By Jason Meidl, funeral director at Creston Valley Funeral Services
Spring is upon us and I am reminded daily how blessed we are to live in the Creston Valley. There really is no place like it. Creston has always held a special place in my heart, and how could it not? I met my wife here and both my girls were born here. Thank you to everyone who has been sending questions in! Here are a few I received this week:
“What kind of training or schooling do you need to be a funeral director?” – Ron
This is a good question and one I am happy to answer! Every province is different as each province has their own regulatory boards. In B.C., we are regulated by Consumer Protection BC, and they are the agency responsible for issuing our licences both as funeral directors/embalmers as well as funeral home providers. In B.C., we are required to take a funeral services program as recognized by the Industry Training Authority Act.

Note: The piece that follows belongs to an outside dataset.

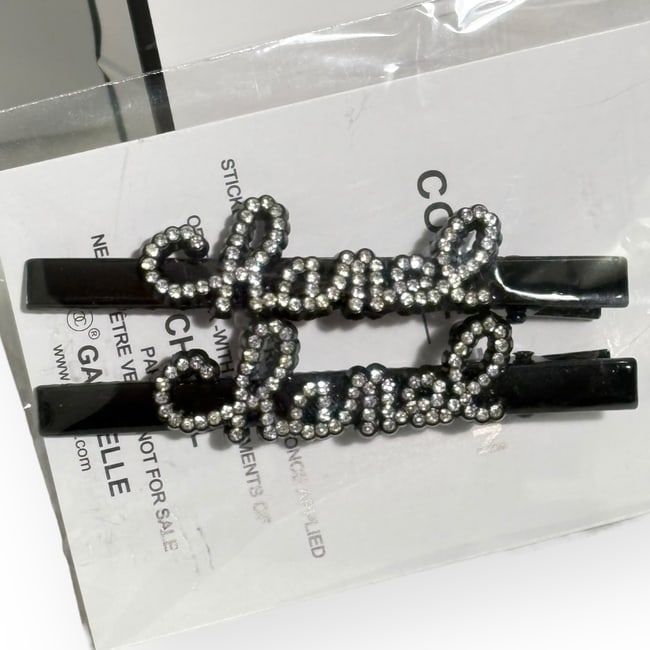 VIP/GWP Black 2Pc Rhinestone CC Hair Clips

This is a two-year course with a combination of online distance learning, seminars, workshops, and practical experience (on-the-job work experience). In B.C., you can be licensed as either a funeral director or embalmer or as both. I myself am dual licensed. Our courses include Embalming Theory, Safety, Sanitation & Hygiene, Dying, Death & Disposition Funeral Practices, Funeral Law, Funeral Service Ethics, Communications, Anatomy & Physiology, and Business Management. As we are taking these courses throughout our apprenticeship we are also working and learning in a funeral home. Once we have completed our two-year apprenticeship, which also includes 1,800 hours of actual work experience, we are then able to apply for our full license. Once we are fully licensed, we are also required to complete continuing education for as long as we hold a license.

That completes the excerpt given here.